# Glad to see you again LUC!



## arcticsid (Dec 12, 2009)

I don't think I speak for myself in saying your presence and input have been missed the last couple weeks. We understand you were under the weather there for a time, and hope you are feeling better.

The expertise and input you contribute to this forum is appreciated, respected, and is hard to match.

Rock On Buddy,

Troy


----------



## Luc (Dec 12, 2009)

Thanks Troy !!!

A bit of small info. I started with a severe nasty cold. However I was lucky that it was not the dreaded flue !!!
When recovering from that I got a visit from my old friend: GOUT.

Now that is very painfull I can assure you. It was in my left foot. So I was not able to walk normally for a few weeks. Hell I could even not put a shoe on. At nights even a sheet was to heavy and painfull, so even in the cold (winter season here, and we like sleeping with an open window) I could not tolerate a blanket on my foot.

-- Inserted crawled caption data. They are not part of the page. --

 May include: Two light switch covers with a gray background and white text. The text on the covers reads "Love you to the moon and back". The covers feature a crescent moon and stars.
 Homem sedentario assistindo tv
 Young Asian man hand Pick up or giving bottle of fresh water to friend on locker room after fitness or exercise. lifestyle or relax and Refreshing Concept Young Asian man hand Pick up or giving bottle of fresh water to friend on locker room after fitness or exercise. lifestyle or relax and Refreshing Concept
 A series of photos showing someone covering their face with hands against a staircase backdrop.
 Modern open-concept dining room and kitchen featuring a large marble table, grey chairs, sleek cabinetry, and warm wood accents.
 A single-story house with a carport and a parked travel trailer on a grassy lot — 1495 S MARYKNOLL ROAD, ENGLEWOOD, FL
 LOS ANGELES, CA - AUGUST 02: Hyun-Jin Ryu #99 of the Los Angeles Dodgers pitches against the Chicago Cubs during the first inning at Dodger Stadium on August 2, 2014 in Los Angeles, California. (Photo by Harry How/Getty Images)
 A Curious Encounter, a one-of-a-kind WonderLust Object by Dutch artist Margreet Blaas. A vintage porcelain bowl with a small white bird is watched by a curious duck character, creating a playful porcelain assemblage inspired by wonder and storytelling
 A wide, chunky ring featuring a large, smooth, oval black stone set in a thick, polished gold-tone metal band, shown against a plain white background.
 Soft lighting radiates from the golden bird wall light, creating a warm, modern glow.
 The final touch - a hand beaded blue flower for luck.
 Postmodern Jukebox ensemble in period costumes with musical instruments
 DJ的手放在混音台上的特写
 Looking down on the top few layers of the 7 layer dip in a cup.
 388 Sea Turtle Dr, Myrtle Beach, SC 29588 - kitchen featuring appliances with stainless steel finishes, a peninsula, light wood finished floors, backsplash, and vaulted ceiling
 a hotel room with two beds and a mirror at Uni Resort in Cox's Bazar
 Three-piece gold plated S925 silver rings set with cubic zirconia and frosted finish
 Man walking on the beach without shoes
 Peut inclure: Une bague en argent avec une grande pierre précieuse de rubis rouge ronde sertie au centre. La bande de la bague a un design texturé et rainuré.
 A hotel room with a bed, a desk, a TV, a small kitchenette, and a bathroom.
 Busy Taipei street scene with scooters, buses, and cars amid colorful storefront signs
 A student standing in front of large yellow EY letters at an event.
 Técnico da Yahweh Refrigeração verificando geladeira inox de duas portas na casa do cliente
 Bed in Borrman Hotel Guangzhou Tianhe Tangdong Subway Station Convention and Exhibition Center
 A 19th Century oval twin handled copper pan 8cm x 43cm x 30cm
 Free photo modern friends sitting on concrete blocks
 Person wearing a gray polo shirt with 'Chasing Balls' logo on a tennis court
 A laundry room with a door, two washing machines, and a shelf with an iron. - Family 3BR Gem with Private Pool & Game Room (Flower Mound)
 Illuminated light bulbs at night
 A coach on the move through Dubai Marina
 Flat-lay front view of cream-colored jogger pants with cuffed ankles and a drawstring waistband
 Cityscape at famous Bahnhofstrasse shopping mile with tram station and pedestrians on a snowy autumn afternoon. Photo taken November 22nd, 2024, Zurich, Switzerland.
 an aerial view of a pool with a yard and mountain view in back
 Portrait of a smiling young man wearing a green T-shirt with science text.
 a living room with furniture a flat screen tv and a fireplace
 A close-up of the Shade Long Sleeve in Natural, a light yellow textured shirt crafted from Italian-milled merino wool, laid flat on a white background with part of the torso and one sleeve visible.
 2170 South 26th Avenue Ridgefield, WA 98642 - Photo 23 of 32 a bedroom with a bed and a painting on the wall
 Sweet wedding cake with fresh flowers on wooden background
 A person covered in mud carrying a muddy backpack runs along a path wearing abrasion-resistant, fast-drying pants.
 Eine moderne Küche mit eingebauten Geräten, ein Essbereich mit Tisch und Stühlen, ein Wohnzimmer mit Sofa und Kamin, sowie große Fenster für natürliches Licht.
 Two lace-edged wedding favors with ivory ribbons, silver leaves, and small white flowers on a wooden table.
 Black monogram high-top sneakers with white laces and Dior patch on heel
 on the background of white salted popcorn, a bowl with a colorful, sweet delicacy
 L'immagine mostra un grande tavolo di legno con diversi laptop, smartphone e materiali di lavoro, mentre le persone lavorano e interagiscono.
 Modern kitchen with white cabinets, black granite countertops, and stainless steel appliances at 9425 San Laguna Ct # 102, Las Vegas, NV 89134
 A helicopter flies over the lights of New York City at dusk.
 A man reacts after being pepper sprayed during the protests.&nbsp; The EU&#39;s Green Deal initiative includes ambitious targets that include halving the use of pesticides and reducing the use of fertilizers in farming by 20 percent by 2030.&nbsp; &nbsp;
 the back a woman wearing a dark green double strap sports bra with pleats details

Things are getting better now, and I will be dropping in more frequent.

Luc


----------



## arcticsid (Dec 12, 2009)

Well buddy, we can share something in commom. 11 weeks ago today a huge air tank fell on my left foot smashing it pretty good. I too am just now able to wear a shoe aand stumble around a bit better. I think our running the marathon days may be over!!LOL. Take good care, always look forward to hearing from you in here.
Troy


----------



## bruno (Dec 12, 2009)

I share your pain regarding the gout. I had a foot doctor tell me once that the pain was worse than giving birth! I agreed. When I told my wife what the doctor said, she said obviously spoken by a male doctor.


----------



## Runningwolf (Dec 12, 2009)

Glad to hear your back Luc. We surely did miss you. Hope things are on the up and up now!


----------



## St Allie (Dec 12, 2009)

hiya Luc,

my bloke gets gout too..

surely the elderflower wine takes the pain away?

get well soon

Allie


----------



## xanxer82 (Dec 12, 2009)

I guess an round of iodine could help with gout.
Glad to hear of your recovery.


----------



## St Allie (Dec 12, 2009)

xanxer82 said:


> I guess an round of iodine could help with gout.
> Glad to hear of your recovery.



I thought iodine was a treatment for infections?

Allie


----------



## xanxer82 (Dec 12, 2009)

It is but I'm pretty sure I read somewhere that the reason they make "Iodized Salt" is to prevent gout or goiter. I'll have to look it up.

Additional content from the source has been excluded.